Owing to a partnership between the City of St. Catharines and Brock University, a feasibility study has been initiated to implement a performing arts centre in the city’s downtown core. The potential Niagara Centre for the Arts (NCA) was first addressed with a Performing Arts Centre Feasibility Study in 1999, and a series of needs and priority assessments in the following years. In November 2007 Brock and the city commissioned a Request for Proposal, officially establishing their liaison in executing the NCA.

The project was spurred by long-awaited needs on behalf of Brock’s School of Fine and Performing Arts (SFPA), Brock’s Centre for the Arts, and arts groups within the St. Catharines/Niagara region. Through the performing arts centre, the university and the city aim to provide an expansion of artistic boundaries that connect students, community, local professionals, and regional street life.

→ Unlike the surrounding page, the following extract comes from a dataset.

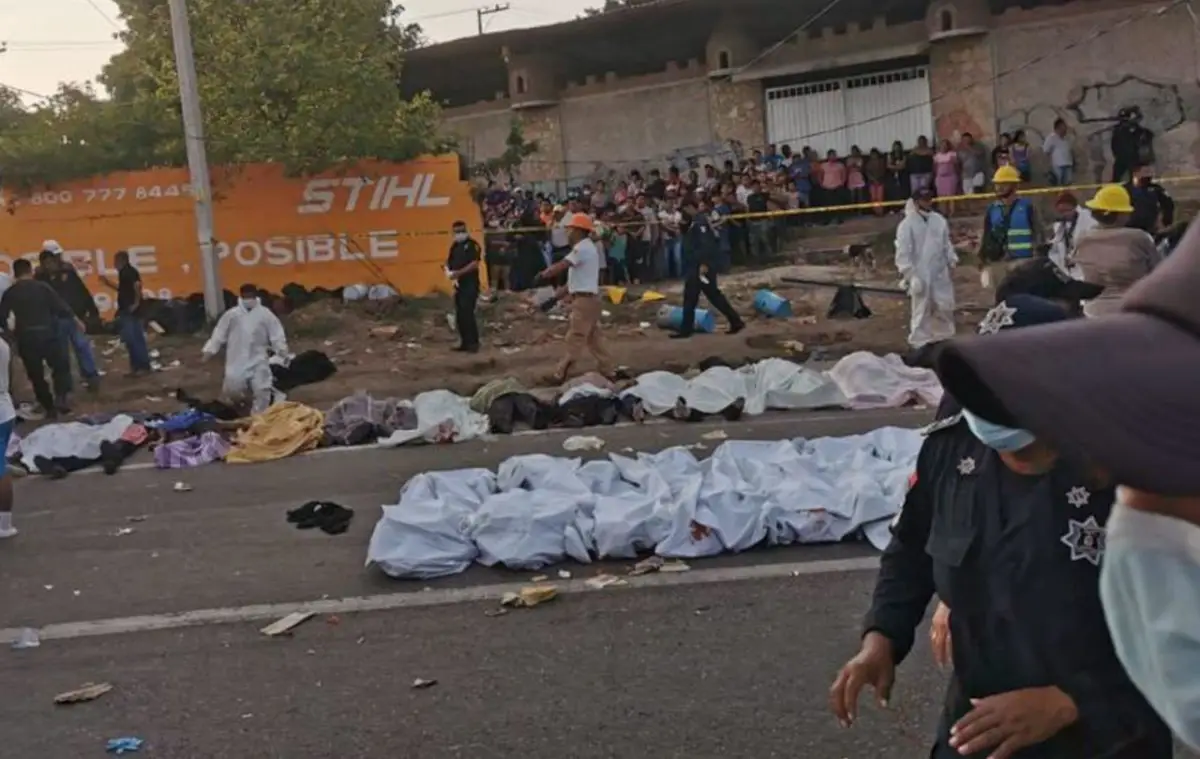 Accidente en Chiapas, trailer vuelca y deja 49 migrantes muertos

For Brock, the performing arts centre would provide much needed space for the Centre for the Arts, whose current space has become inadequate for its volume of performances and events. As well, the NCA would potentially house Brock’s SFPA, which oversees the departments of Music, Visual Arts, Dramatic Arts, and Studies in Arts and Culture. A move off campus would mean more production space and a unique approach to education, providing students with professional prospects and opportunities to interact with local arts specialists.

For the City of St. Catharines, the performing arts centre would be a great contribution to the downtown revitalization project, and the area’s established art centers such as the Niagara Artists’ Company and Rodman Hall. In addition to an academic facility, the NCA would encompass a municipal facility to house local arts organizations’ programming, benefiting local artists, tourists, and residents alike.

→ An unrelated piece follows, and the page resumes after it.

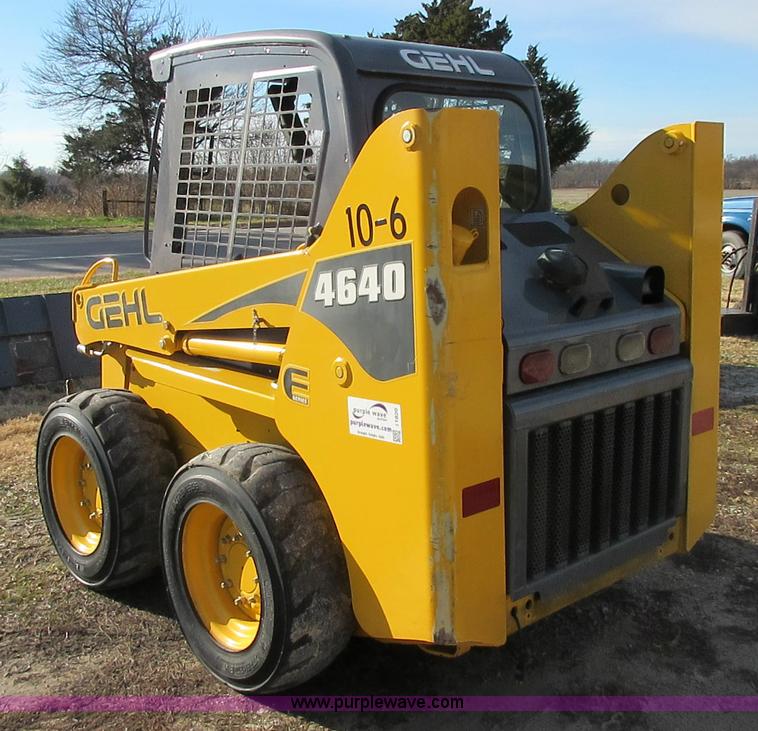 image for item I1820 2006 Gehl 4640 skid steer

So far, the NCA exists only as a feasibility study. The study, according to Dean of Humanities Dr. Rosemary Drage Hale, is on schedule and gaining support for the potential building project that is the projected result. “A joint facility such as that being considered will have a marked impact,” noted Hale. “It will serve as a major attraction for developers and other businesses interested in taking root in a city that clearly places a high valance on arts and culture.”

Having hired a consultant team in January 2008, the composition of a Program, Site and Facility Management Feasibility Study for a Cultural and Academic Development in downtown St. Catharines is underway. The study is to precede the Artistic Program Plan, which will make suggestions based on site, business plans, and cultural and economic considerations.

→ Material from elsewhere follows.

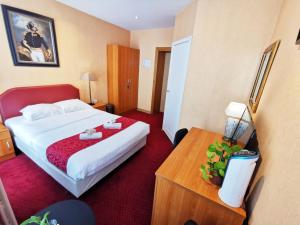 Classic Small Double Room room in Hotel Cardiff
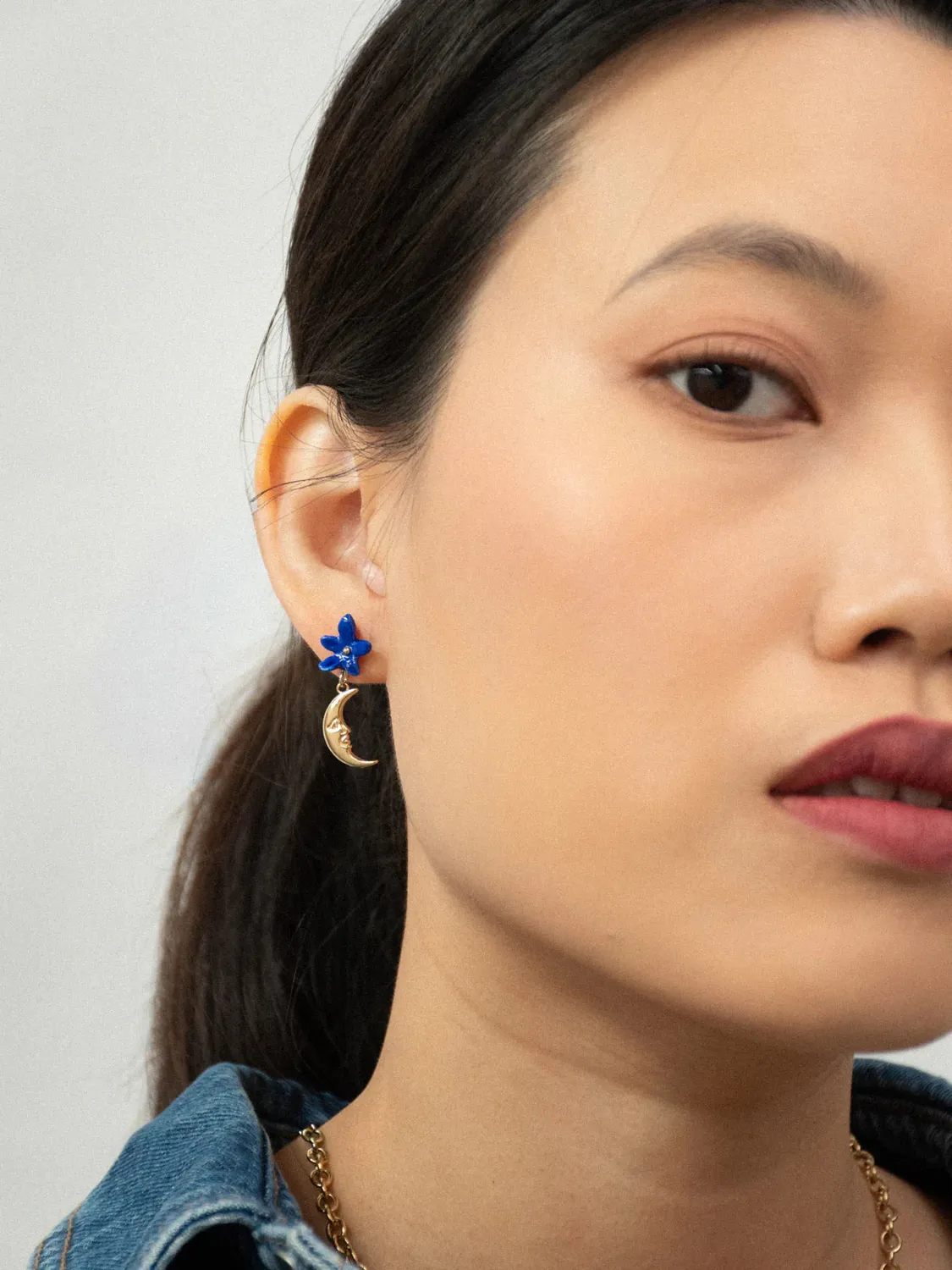 Nach Bijoux fleur bleue soleil lune boucles asymétriques porcelaine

Under the expertise of Levitt Goodman Architects, Martin Vinik, and Urban Strategies, the performing arts centre consultation is forwarding the development of St. Catharines’ cultural community. Sharilyn Ingram, Director of the SFPA at Brock and member of the Project Management Team is optimistic about the physical implementation of the NCA.

“People are becoming aware of and excited by the potential that cultural development offers our community,” said Ingram. “Opportunities for young people to stay in the Niagara region, attracting powers of cultural facilities and programs, the ways that cultural expression can build community and sense of place, the economic spin-offs and ancillary activities generated by this level of engagement – it’s all very exciting.” While currently ongoing, the feasibility study is due to be completed with recommendations by the end of summer.

Stay tuned…

For more on St. Catharine’s upcoming art scene:

-Rodman Hall Art Gallery – currently showing Gwen MacGregor. Please click HERE

-Niagara Artists’ Centre – click HERE

-Cram Art – currently showing work by Scott Waters. Please click HERE

One Response to “NEWS: Niagara Centre for the Arts”

  1. The article sums up the scene and enthusiasm for the NCA project’s potential in revitalizing the downtown core and the Brock school of Fine & Performing Arts. It is very astute to have CRAM’s inclusion in the list of art engines here in St. Catharines since the collective and “Canada’s smallest gallery” does provide a critical and crucial role in the city’s current cultural growth and development.